Considering only health care costs misses the point, Eberwein said. The more the company spends on wellness, the less it has to spend on health insurance.
Programs ranging from smoking cessation to weight loss to blood-sugar monitoring help Hoffman keep insurance premiums low, Eberwein said. “It has already had a huge, huge, huge effect” on premiums, he said.
“Sometimes that means it just doesn’t go up when everyone else’s goes up in the double digits.”
While the Merkley amendment didn’t make the final health care reform bill, Merkley and union supporters still hope the concept will resurface in another bill.
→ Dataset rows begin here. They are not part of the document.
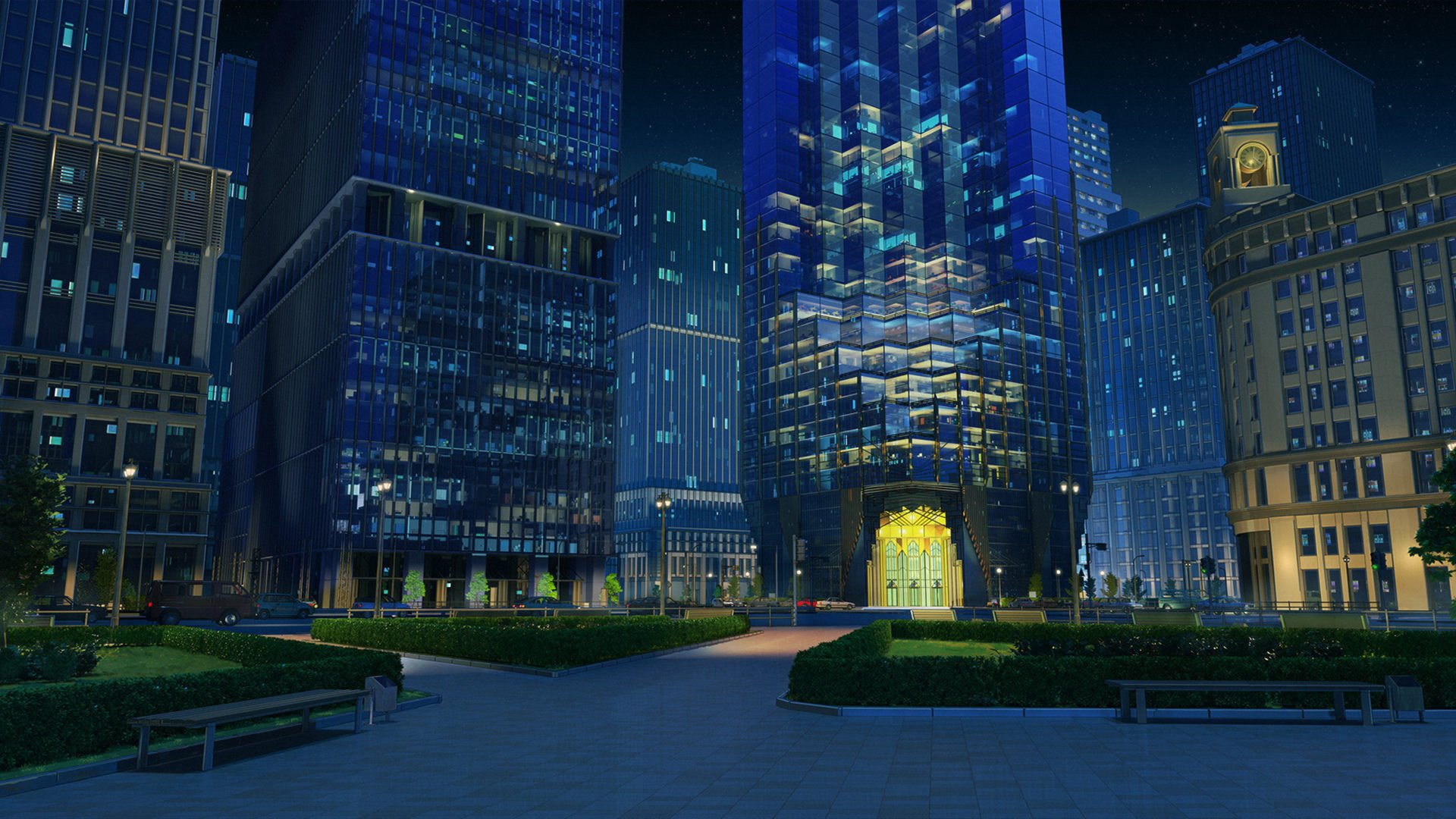 AC米兰-慢节奏控场战术是否适合双核结构的球队，慢节奏定义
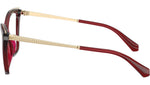 Grindelwald MK 4205U 3949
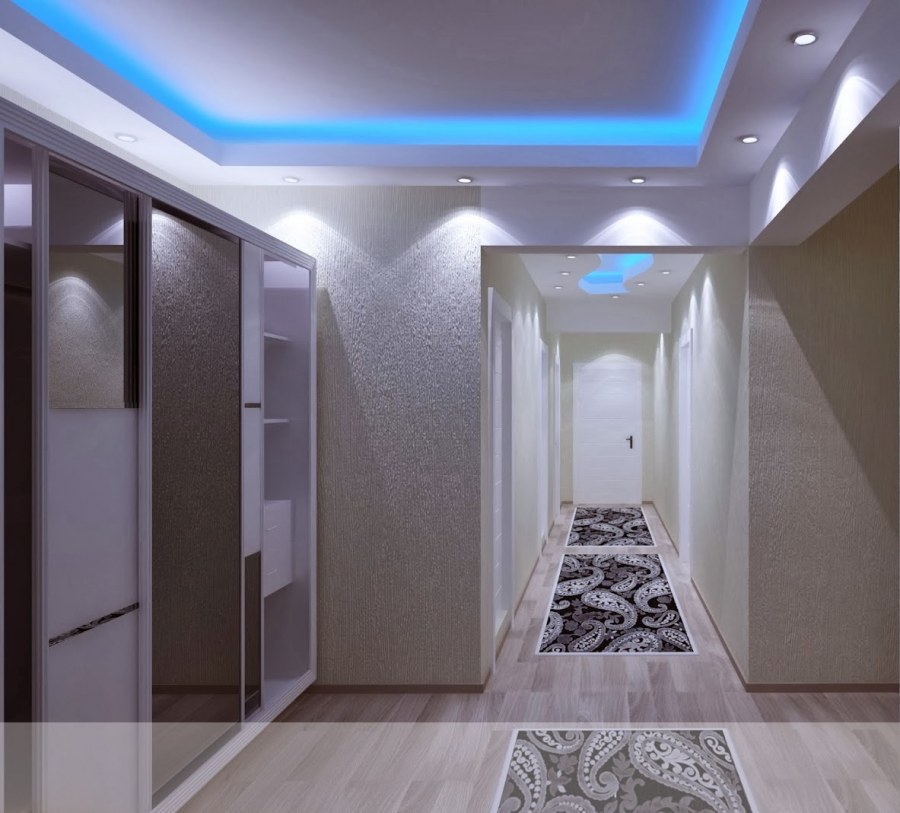 Калидор Alçipan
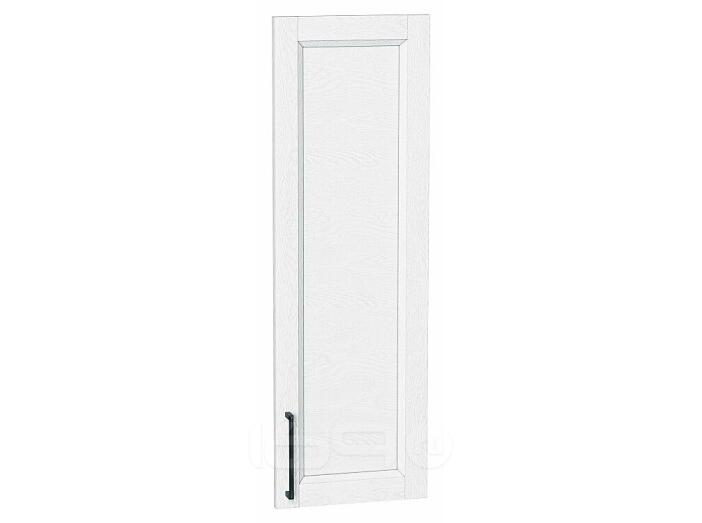 ФГ Сканди 90.30 White Silkwood 916*296*18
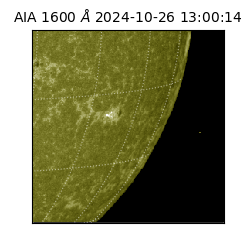 saia - 2024-10-26T13:00:14.126000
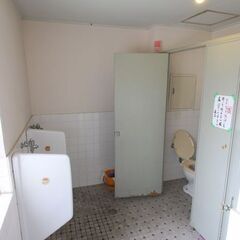 ◆京都市北区◆西賀茂のマンション♪事務所やセカンドハウスOK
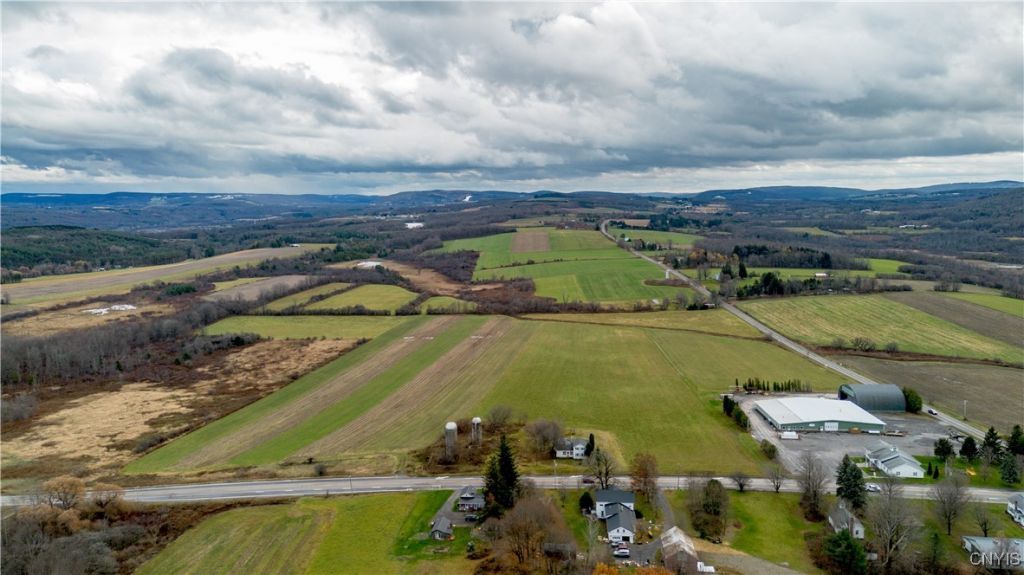 Pompey, New York, 13084, United States, 5 Bedrooms Bedrooms, ,2 BathroomsBathrooms,Residential,For Sale,1993406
AFL-CIO President Richard Trumka said the organization will keep working to bring more contractors under the health-insurance requirement.
Tom Owens, spokesman with the AFL-CIO’s Building and Construction Trades Department, said he doesn’t know what the chances are of that happening. “There hasn’t been any discussion about how to proceed,” he said.
Owens stopped short of saying that reviving the Merkley amendment was a top priority. “We’re interested in seeing the issue revisited, but we don’t necessarily have a priority list.”
Julie Edwards, a spokeswoman for Merkley, said there’s no new stand-alone bill that does what the amendment would have, and it hasn’t been attached to another bill. She wouldn’t speculate on the chances of that happening.
“It’s really too soon to say,” she said.
Turmail said he doubts the Merkley amendment could pass as its own bill, especially after the controversy that arose after it was originally included in the health care bill. “I don’t have a sense that there’s any kind of base of support for this measure,” he said.